Parallel-Coordinate Plots
What are they?
Parallel coordinate plots visualize multiple factors and, more importantly, show their relationships to one another. Each variable is given its own vertical axis, and the values for each variable is typically represented as an integer that falls along the vertical axis for said variables. Commonly the variables that are most related move from right to left to demonstrate relationships between them more easily given Western cultures read from right to left.
When they work best
Parallel-coordinate plots work best for showing the relationships between multiple variables. It's important to arrange the vertical axis in such a way that they clearly show the relationships between variables and the effects of the variables have on the values assigned to what is being measured.
Downsides
If too many 'items' are being measured by the variables, the visualization can quickly become cluttered and difficult to read and identify the key findings. The best way way to address this downside is using a technique called "brushing" where a key line or series of lines are highlighted and the surrounding lines are faded into the background. This allows the viewer to isolate the sections and plots that matter the most.
Bad Examples
Figure 1: This is parallel-coordinate plot could be better. In this example, the vertical axis are ordered in such a way that it's more difficult to see subsequent relationships since the middle axis convolutes the interpretation of the relationships between one another.
Source: https://www.data-to-viz.com/graph/parallel.html
Figure 2: Given the absence of color or other labels in this parallel coordinate plot, it's impossible identify the different models or separate singular lines from one another. This plot suffers from clutter and cannot be read or establish what 'items' are which as they move along the visualization.
Source: https://eagereyes.org/techniques/parallel-coordinates
Figure 3: This parallel-coordinate plot suffers from trying to measure too many 'items,' in this case, countries. It is impossible to identify which line easily corresponds to which country and the natural disasters that occurred in the given year.
Source: https://www.mathworks.com/help/matlab/ref/parallelplot.html
Good Examples
Figure 4 is the same information as Figure 1, however, the vertical axises have been rearranged to better read from left to right and understand the relationships between the axises being analyzed.
Source: https://www.data-to-viz.com/graph/parallel.html
Figure 5 is relatively clear. Though there is some overlapping points, there are few enough lines to easily identify which color corresponds to which produce and which type and amount of carbohydrate they contain.

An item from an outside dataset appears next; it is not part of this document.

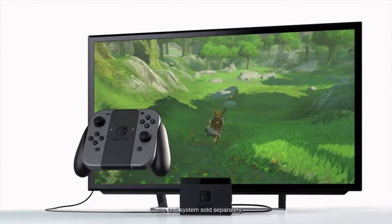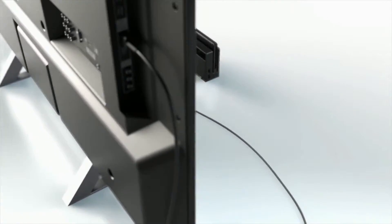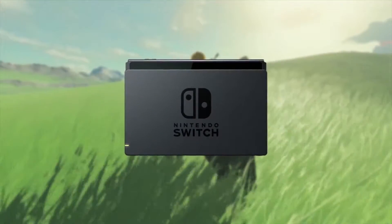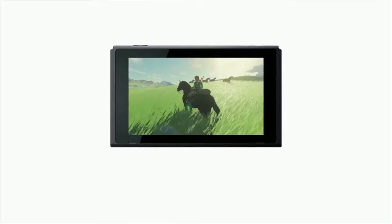Nintendo Switch is a home video game console. You connect it to your television to play games, but what sets it apart is when you want to play away from your TV, you can remove it from the dock, get up and go.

Source: https://docs.tibco.com/pub/spotfire/6.5.0/doc/html/para/para_what_is_a_parallel_coordinate_plot.htm
Figure 6 addresses the issue of clutter very well. It pulls out the key line apart from the others using color to help the viewer identify which is the key line being measured. However, without data labels, a viewer must look to the top of the graph in order to understand what each of the data points represents numerically.

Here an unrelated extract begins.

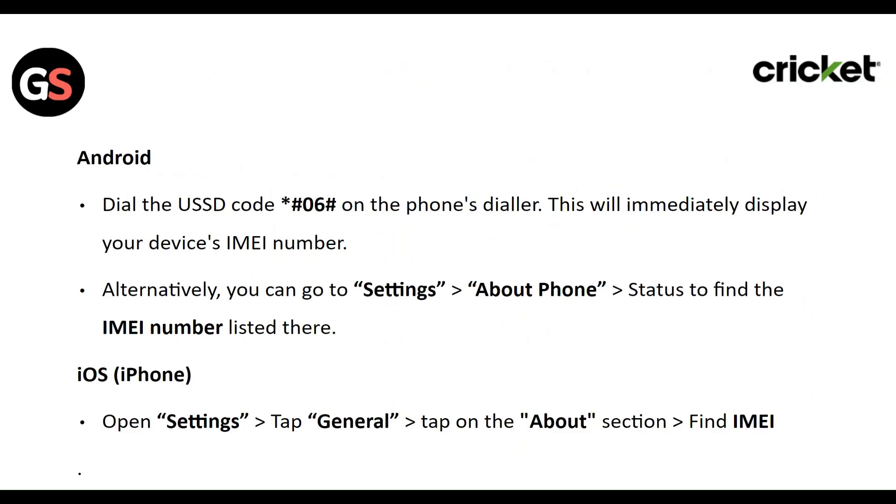Step 3: Dial the USSD code *#06# on your phone's dialer. This will immediately display your device's IMEI number.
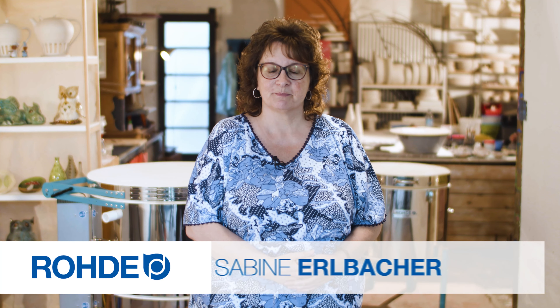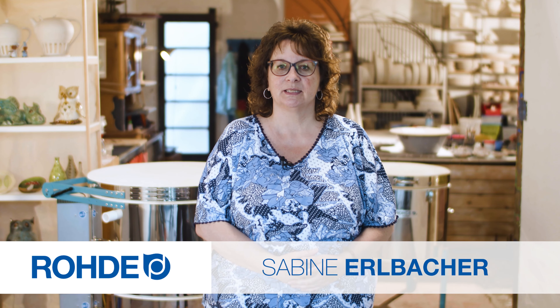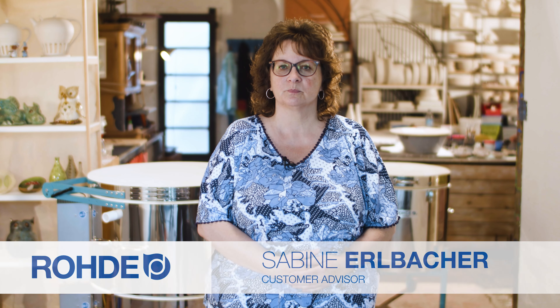Welcome. My name is Sabina Elbacher. This product information video is about how you can keep the stainless steel strap and stainless steel jacket in shape on RODA top loader kilns.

Source: https://www.vizwiz.com/2019/07/parallel-coordinates.html
Star Plots
What are they?
Star plots are a type of visualization that, similar to parallel-coordinate plots, measure multiple variables and allow the viewer to see the relationships between the points being measured and represented. They are called star plots specifically because as the points radiate from the center, similar to how a star's points move outwards from a central locus.
When they work best
A star plot works best for identifying outliers in relationships and when the data is more similar/consistent with other relationships.
Downsides
The primary downside of a star plot is the number of variables that can be visualized. Once too many variables are being measured, it can become increasingly challenging to identify the relationships between them.
Bad Examples
Figure 7 is trying to measure too many variables along the outside of the plot. Given the number of variables being measured, it's more challenging to see the minute relationships between the points. However, in this figure, it is easier to see the 'outliers' but almost impossible to read the smaller details in that aren't those specific outliers.
Source: http://rstudio-pubs-static.s3.amazonaws.com/5795_e6e6411731bb4f1b9cc7eb49499c2082.html
Similar to Figure 7, Figure 8 is also measuring too many variables. Though it is only measuring 2 'items' (in this case, Blue Collar Communities vs. Prospering Suburbs) it is very challenging to see what the relationships are in the variables.
Source: http://rstudio-pubs-static.s3.amazonaws.com/5795_e6e6411731bb4f1b9cc7eb49499c2082.html
Good Examples
Interestingly enough with Figure 9, it's focusing on the relationships between the points of the pentagons instead of demonstrating the numbers themselves. In this sense, without statistical data, it is actually easier to 'read' the relationships of the different points on the pentagons
Source: https://fivethirtyeight.com/features/the-5-key-constituencies-of-the-2020-democratic-primary/
Similar to Figure 9, Figure 10 does not focus on numerical data but again focuses on the relationships of the points on the char and how the two 'items' (Carl and Lucy) compare to one another. The two items being measured and limited number of axis make this a good example of a star plot.